Livehaftig

MONSTER MAGNET

~ 23. Januar 2019, Capitol – Hannover ~


Kurz nach 20 Uhr ertönt die Titelmelodie vom Terminator als Intro und drei junge Männer treten auf, die ich mal wie folgt beschreiben möchte (Achtung, extremste Schublade): ein hagerer Basser mit nach hinten gedrehtem Baseballcap, also der Skate-Speed-Thrash-Typus; ein Drummer mit kurz geschorenem Haar, der bereits nach kurzer Zeit seinen tätowierten Oberkörper präsentiert, also Hardcore-Typus und ein etwas gedrungener Sänger/Gitarrist mit Vollbart und Wollmütze, also Sludge-/Doom-Typus (hätte auch gut zu den Amis ARGUS gepasst). Ich war völlig unvorbereitet und wusste nicht, was mich erwarten würde, obwohl ich den Namen PUPPY für eine Band schon etwas seltsam fand.

Nach den ersten paar Takten von Schlagzeug und Bass ist mein erster Gedanke…na toll…Post-Pantera-Groove-Metal. Was aber dann kommt, als der Gesang einsetzt, hatte ich nie erwartet. Was da nämlich aus den Boxen drängt ist ein dünnes, an manchen Stellen sogar leicht quietschendes leises Stimmchen. Ich denke – na gut, gleich setzt bestimmt der Brüllwürfelpart ein – aber weit gefehlt. Der Sänger hält diese, mir auf Dauer zu monotone und damit auch ins langweilige kippende, Stimmlage bis auf ganz wenige Ausnahmen konsequent durch. Ich möchte betonen, dass dies nicht an seiner Stimme liegt, die ist nämlich bei den Ansagen ganz normal und sogar leicht sonor. Nein, die Stimmlage ist wohl so gewollt. Musikalisch ist das zwar alles Okay (also kein PPGM s.o.) und für den Zuhörer sicherlich auch weniger anstrengend, als sich die ganze Zeit von der Bühne anschreien zu lassen, aber mir gibt das nicht wirklich was. PUPPY bezeichnen ihre Musik als Heavy Metal, was man sicherlich auch so durchgehen lassen kann. Wer sich davon selber ein Bild machen möchte, der hat demnächst Gelegenheit dazu, denn das Debüt der aus London stammenden Band erscheint am 25. Januar bei Spinefarm Records und trägt den Titel ´The Goat´.

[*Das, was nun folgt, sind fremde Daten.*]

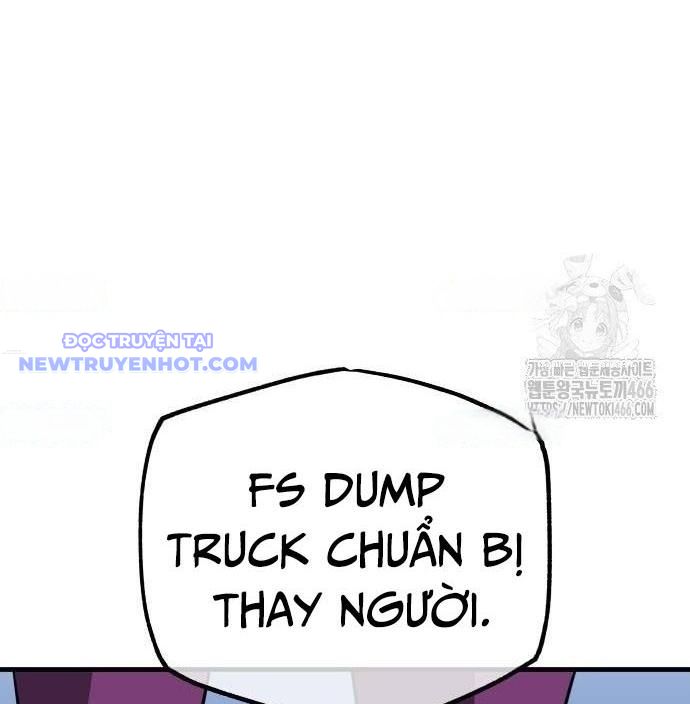 Thủ Môn - Chương 37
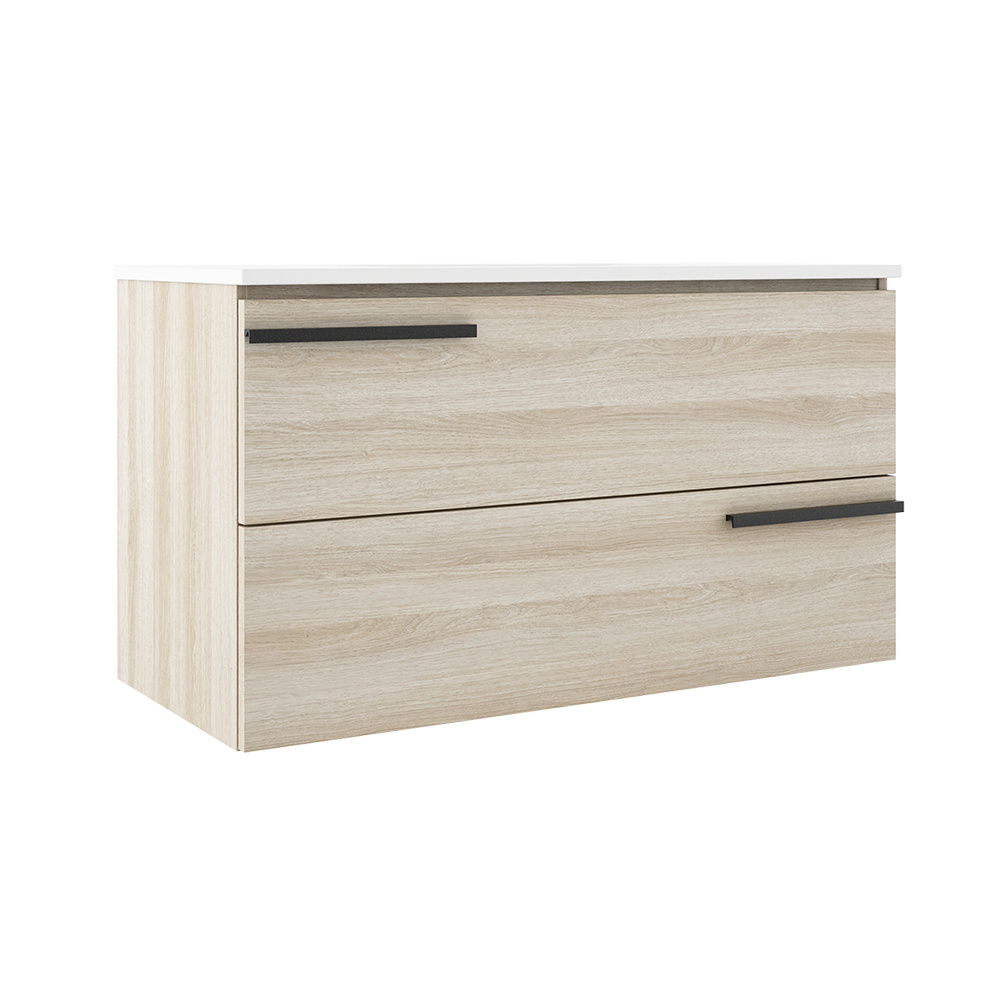 White Oak 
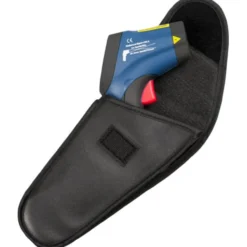 Infrarotthermometer PCE-889B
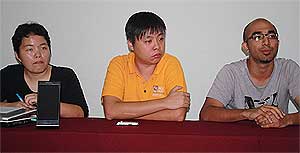 penang ng kiat jason ong lang lee kris khaira pc 090509 03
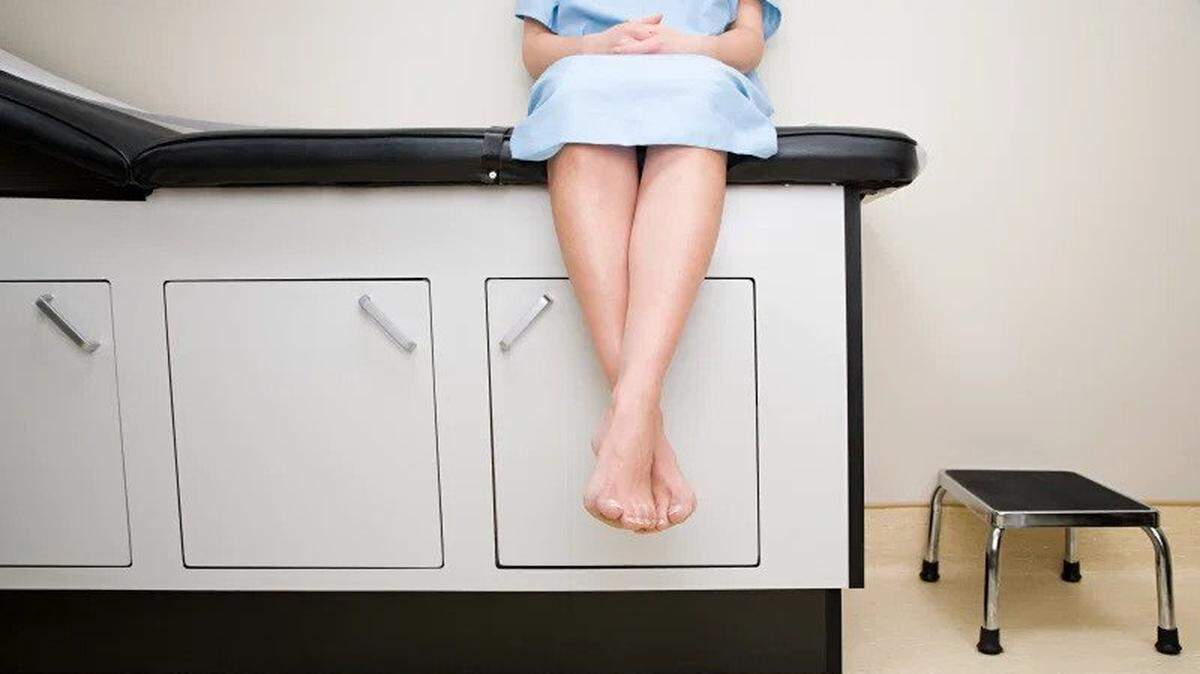 A study found that, In mid-June, weekly screening volumes for breast, colon and cervical cancer were as much as 36 percent lower than their pre-COVID-19 levels.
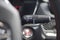 2026 Acura Integra Type S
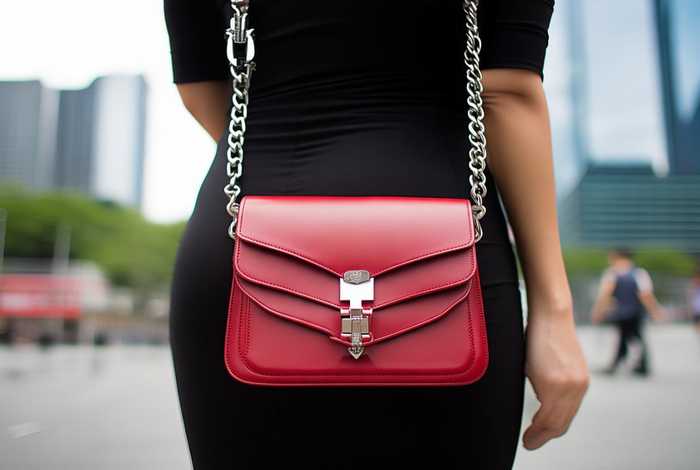 女士的斜挎包包，女士的斜挎包包图片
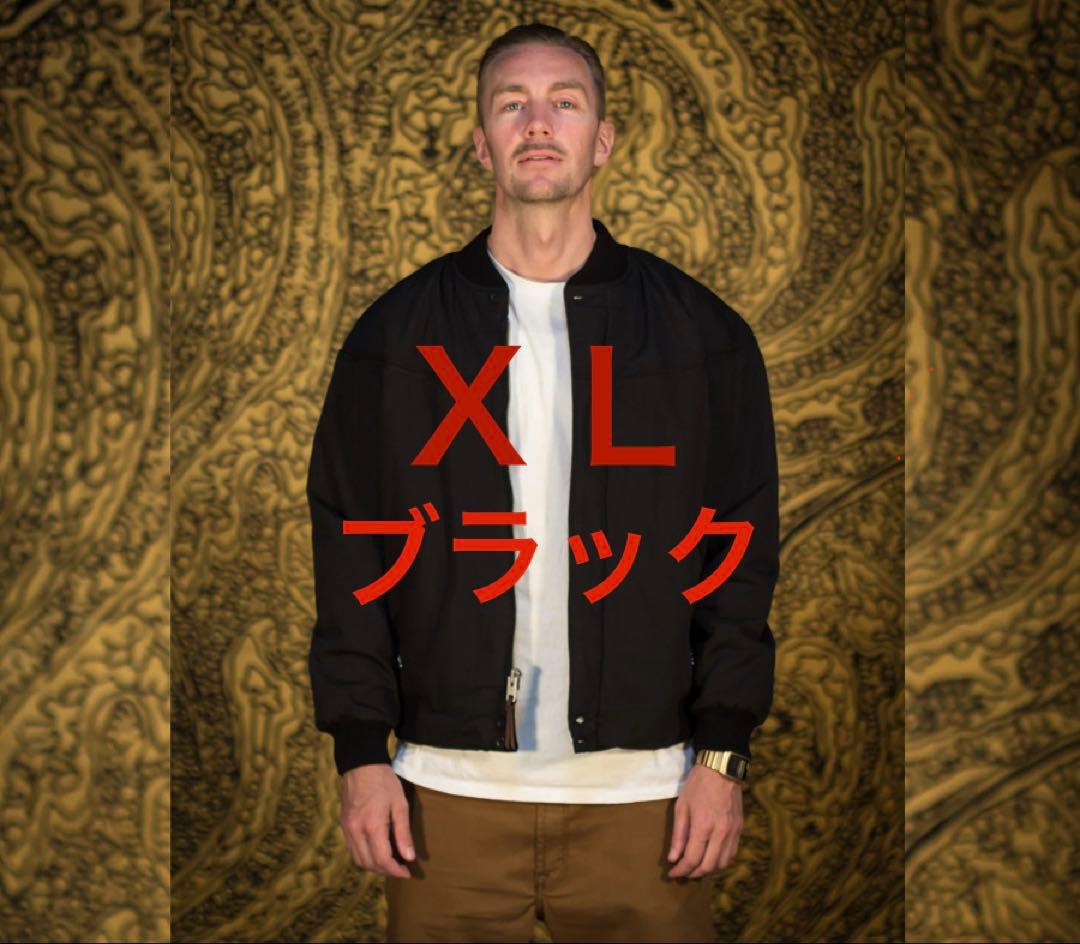 Derby of San Francisco ダービーオブサンフランシスコ XL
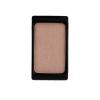 Artdeco Eyeshadow Pearl Ombretto donna 0,8 g Tonalità 30 Drifting Sand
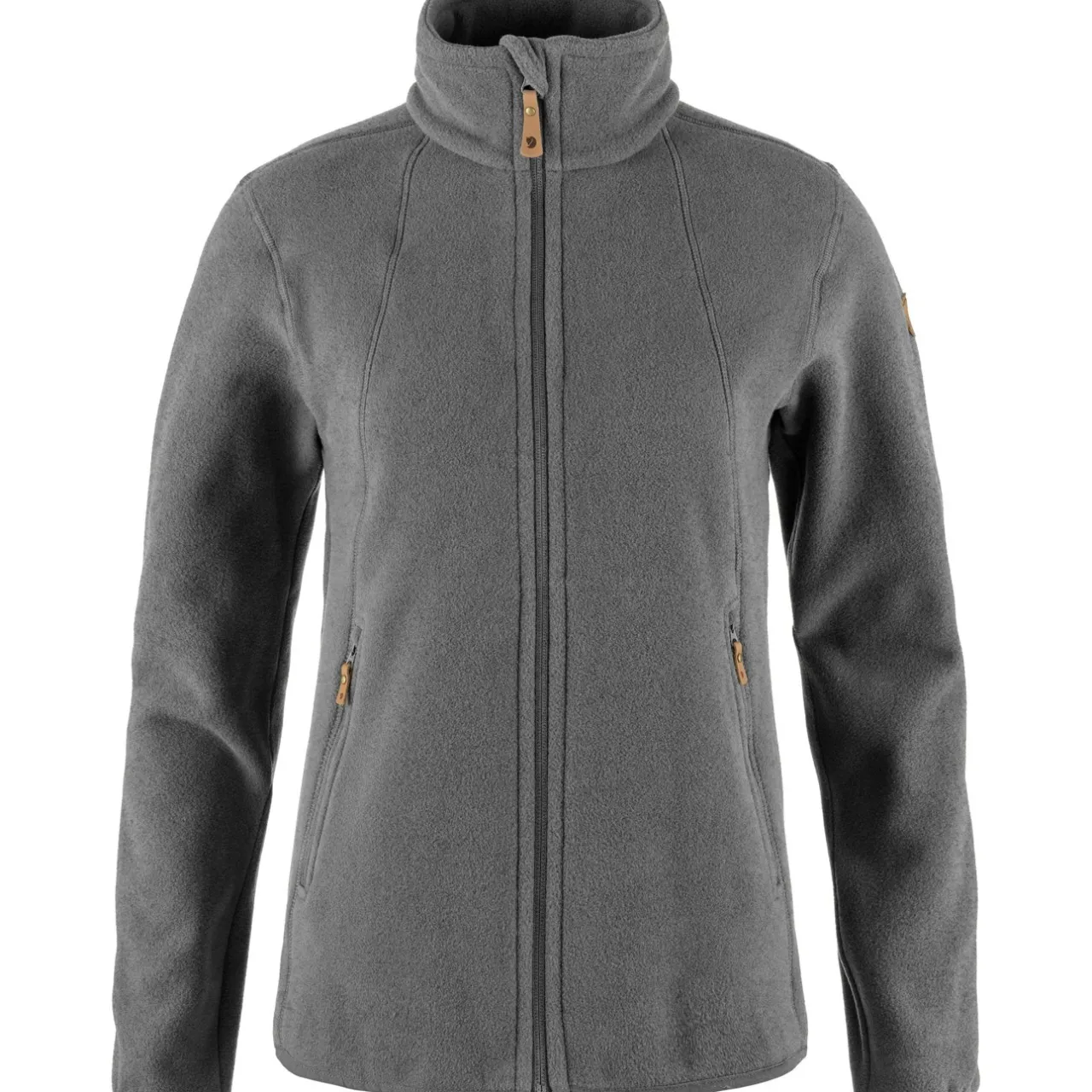 stina_fleece_w_1.webp Fjällräven Fleece-Stina Fleece W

Ich bin mir nicht ganz sicher, ob es das fünfte oder sechste Mal ist, dass ich MONSTER MAGNET auf der Bühne sehe, aber ich habe Dave Wyndorf definitiv schon in (fast) allen erdenklichen körperlichen Verfassungen erleben dürfen. Mal kräftig, mal dürr und ich erinnere mich noch schemenhaft daran, dass er bei meinem allerersten Konzert von MONSTER MAGNET von der Bühne gefallen ist. Gott sei Dank blieb damals der Ausrutscher ohne Folgen und er konnte seinen Gig fortsetzen, als wenn nichts gewesen wäre.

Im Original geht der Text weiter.